# Extracted records
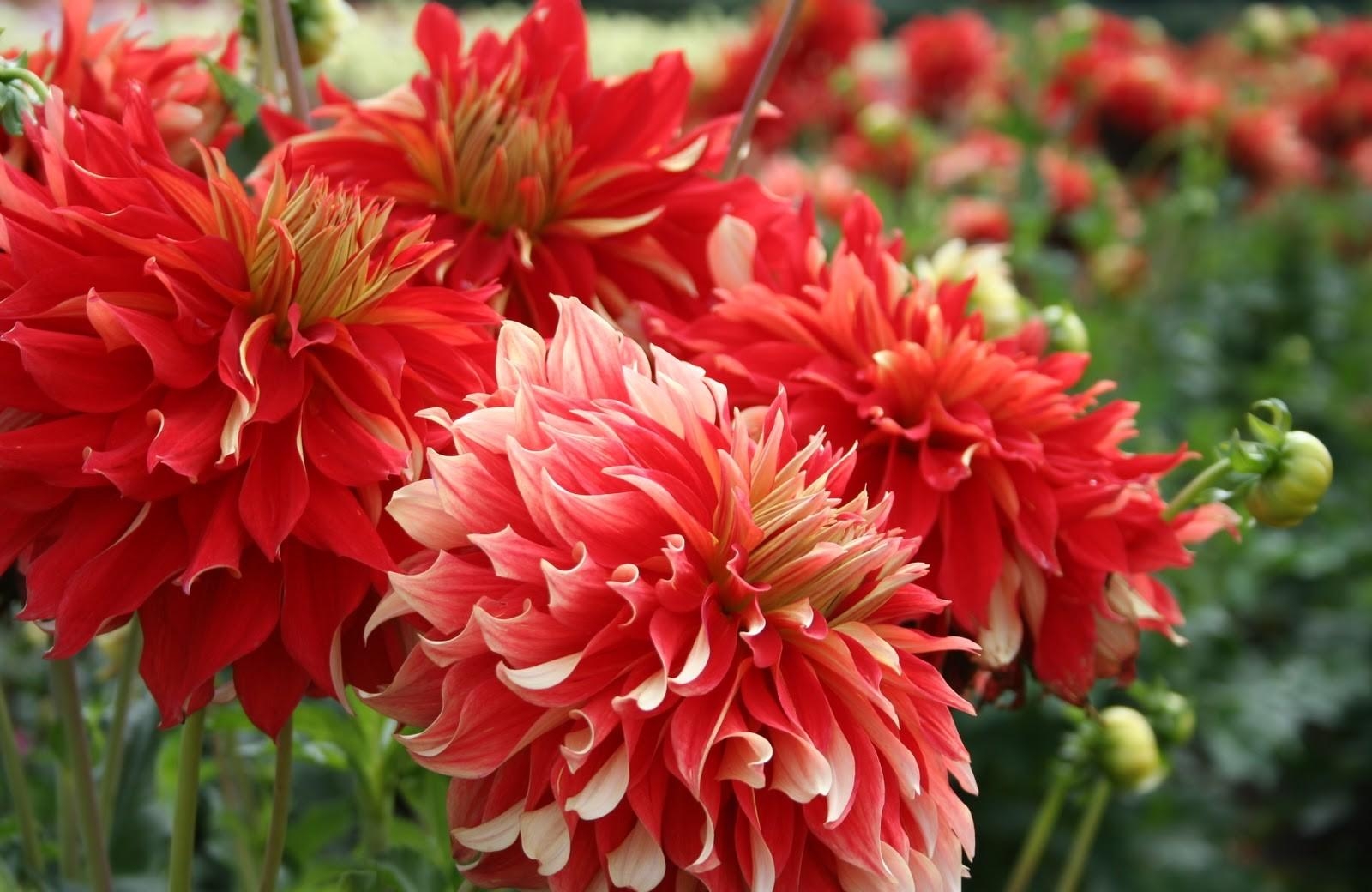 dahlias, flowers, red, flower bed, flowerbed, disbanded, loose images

---

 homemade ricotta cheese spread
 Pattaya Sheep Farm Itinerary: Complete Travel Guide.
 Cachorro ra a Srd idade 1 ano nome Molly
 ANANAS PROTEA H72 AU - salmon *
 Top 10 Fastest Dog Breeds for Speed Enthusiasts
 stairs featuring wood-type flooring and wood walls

# To do
Only the lines above starting at the one containing "ANANAS PROTEA H72 AU - salmon *" and ending at the one containing "stairs featuring wood-type", both included, are to be returned, exactly as they read.

# Final answer
 ANANAS PROTEA H72 AU - salmon *
 Top 10 Fastest Dog Breeds for Speed Enthusiasts
 stairs featuring wood-type flooring and wood walls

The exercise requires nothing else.